-- RECORDS PROVIDED follows --

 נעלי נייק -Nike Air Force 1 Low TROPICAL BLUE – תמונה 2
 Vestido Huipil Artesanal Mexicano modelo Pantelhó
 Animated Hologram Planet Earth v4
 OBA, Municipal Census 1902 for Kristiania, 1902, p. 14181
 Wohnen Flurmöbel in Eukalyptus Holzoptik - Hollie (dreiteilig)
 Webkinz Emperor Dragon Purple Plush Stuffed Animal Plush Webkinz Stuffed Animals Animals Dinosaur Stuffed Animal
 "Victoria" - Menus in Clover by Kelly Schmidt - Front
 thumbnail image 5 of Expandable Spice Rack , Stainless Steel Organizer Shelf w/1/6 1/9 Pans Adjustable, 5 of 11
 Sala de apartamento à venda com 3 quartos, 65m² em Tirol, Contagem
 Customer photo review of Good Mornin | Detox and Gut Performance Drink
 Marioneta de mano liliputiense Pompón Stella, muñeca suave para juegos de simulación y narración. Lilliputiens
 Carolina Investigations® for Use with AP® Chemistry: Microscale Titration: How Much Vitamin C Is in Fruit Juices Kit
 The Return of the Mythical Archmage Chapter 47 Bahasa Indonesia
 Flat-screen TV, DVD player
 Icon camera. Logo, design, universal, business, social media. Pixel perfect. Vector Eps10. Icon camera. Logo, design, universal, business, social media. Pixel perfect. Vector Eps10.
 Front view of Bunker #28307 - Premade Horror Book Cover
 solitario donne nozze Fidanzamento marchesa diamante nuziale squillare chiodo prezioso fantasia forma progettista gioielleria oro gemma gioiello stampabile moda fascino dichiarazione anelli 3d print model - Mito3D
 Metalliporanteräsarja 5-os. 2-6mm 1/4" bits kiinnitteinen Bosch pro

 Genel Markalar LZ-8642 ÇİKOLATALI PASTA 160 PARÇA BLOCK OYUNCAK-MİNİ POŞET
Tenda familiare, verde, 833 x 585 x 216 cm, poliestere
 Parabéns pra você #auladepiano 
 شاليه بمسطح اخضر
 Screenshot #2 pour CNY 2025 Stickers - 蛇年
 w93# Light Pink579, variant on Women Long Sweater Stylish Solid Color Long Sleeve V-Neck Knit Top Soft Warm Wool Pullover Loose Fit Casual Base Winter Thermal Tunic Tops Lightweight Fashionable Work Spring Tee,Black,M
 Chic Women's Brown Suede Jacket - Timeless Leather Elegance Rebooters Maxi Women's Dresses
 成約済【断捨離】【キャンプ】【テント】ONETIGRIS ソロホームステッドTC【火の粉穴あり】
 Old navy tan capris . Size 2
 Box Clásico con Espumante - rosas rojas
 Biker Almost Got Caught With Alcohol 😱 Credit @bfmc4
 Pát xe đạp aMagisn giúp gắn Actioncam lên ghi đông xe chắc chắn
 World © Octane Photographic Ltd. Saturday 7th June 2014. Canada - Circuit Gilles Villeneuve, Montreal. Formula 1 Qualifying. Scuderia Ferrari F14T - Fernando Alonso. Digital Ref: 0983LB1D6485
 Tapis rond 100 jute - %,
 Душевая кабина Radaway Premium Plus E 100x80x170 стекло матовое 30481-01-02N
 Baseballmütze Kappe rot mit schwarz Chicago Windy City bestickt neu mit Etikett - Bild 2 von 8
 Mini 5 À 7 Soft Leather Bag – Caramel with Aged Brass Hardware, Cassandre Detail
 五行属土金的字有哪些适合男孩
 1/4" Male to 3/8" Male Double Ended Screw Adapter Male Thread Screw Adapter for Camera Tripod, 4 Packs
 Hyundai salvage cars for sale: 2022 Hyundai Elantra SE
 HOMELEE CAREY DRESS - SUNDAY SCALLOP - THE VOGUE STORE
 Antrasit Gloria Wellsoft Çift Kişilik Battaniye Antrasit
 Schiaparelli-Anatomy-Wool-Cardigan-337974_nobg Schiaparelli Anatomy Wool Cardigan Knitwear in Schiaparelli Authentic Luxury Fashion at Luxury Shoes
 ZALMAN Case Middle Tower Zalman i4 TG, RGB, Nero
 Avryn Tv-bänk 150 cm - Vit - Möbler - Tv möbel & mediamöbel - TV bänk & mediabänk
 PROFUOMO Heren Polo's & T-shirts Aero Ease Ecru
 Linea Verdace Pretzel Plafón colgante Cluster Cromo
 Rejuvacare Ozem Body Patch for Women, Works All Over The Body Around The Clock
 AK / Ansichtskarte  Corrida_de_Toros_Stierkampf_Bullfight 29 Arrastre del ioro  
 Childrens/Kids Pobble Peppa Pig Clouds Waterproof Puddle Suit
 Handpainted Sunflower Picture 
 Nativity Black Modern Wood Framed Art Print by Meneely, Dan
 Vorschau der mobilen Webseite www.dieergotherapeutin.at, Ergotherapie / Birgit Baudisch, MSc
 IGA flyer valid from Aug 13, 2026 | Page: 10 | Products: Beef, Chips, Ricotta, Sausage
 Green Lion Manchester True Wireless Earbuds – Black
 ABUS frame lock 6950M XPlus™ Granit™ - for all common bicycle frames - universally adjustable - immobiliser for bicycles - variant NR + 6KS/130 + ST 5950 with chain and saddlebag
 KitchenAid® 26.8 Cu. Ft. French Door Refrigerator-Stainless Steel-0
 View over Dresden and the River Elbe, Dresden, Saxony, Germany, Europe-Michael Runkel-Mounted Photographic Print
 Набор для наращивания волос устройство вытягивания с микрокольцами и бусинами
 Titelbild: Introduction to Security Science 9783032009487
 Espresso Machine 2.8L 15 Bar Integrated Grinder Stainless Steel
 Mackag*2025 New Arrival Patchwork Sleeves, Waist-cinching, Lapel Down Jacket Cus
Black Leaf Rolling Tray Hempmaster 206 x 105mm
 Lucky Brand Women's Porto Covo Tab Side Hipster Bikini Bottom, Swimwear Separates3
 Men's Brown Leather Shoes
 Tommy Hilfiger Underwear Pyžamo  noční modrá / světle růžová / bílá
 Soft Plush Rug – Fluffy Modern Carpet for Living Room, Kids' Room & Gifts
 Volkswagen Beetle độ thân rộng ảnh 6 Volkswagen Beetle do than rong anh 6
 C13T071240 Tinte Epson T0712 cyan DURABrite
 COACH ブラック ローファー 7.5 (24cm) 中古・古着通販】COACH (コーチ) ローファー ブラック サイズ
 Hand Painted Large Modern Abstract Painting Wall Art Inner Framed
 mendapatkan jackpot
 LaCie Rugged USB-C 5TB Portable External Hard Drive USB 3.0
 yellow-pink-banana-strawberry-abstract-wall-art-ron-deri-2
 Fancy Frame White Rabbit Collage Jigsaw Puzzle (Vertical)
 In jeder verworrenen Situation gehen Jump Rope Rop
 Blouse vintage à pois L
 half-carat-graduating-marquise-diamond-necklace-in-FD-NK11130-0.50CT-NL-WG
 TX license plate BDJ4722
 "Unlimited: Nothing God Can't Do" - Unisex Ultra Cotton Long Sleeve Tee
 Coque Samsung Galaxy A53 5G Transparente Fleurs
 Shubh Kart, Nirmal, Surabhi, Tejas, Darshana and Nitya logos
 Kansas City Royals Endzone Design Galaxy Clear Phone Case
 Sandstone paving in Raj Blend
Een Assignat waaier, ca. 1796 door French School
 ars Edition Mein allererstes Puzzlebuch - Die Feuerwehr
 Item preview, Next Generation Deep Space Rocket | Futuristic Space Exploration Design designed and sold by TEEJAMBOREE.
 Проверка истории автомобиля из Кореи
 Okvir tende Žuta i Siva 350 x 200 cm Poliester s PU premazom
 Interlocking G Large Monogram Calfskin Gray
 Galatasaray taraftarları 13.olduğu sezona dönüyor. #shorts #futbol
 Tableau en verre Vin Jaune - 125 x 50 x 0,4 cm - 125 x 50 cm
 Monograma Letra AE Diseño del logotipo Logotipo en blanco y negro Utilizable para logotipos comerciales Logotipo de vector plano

-- RECORDS PROVIDED concluded --

Above are the entries. Copy exactly the part that opens with the line containing "Titelbild: Introduction to" and closes with the line containing "Een Assignat waaier, ca.", and no more.

 Titelbild: Introduction to Security Science 9783032009487
 Espresso Machine 2.8L 15 Bar Integrated Grinder Stainless Steel
 Mackag*2025 New Arrival Patchwork Sleeves, Waist-cinching, Lapel Down Jacket Cus
Black Leaf Rolling Tray Hempmaster 206 x 105mm
 Lucky Brand Women's Porto Covo Tab Side Hipster Bikini Bottom, Swimwear Separates3
 Men's Brown Leather Shoes
 Tommy Hilfiger Underwear Pyžamo  noční modrá / světle růžová / bílá
 Soft Plush Rug – Fluffy Modern Carpet for Living Room, Kids' Room & Gifts
 Volkswagen Beetle độ thân rộng ảnh 6 Volkswagen Beetle do than rong anh 6
 C13T071240 Tinte Epson T0712 cyan DURABrite
 COACH ブラック ローファー 7.5 (24cm) 中古・古着通販】COACH (コーチ) ローファー ブラック サイズ
 Hand Painted Large Modern Abstract Painting Wall Art Inner Framed
 mendapatkan jackpot
 LaCie Rugged USB-C 5TB Portable External Hard Drive USB 3.0
 yellow-pink-banana-strawberry-abstract-wall-art-ron-deri-2
 Fancy Frame White Rabbit Collage Jigsaw Puzzle (Vertical)
 In jeder verworrenen Situation gehen Jump Rope Rop
 Blouse vintage à pois L
 half-carat-graduating-marquise-diamond-necklace-in-FD-NK11130-0.50CT-NL-WG
 TX license plate BDJ4722
 "Unlimited: Nothing God Can't Do" - Unisex Ultra Cotton Long Sleeve Tee
 Coque Samsung Galaxy A53 5G Transparente Fleurs
 Shubh Kart, Nirmal, Surabhi, Tejas, Darshana and Nitya logos
 Kansas City Royals Endzone Design Galaxy Clear Phone Case
 Sandstone paving in Raj Blend
Een Assignat waaier, ca. 1796 door French School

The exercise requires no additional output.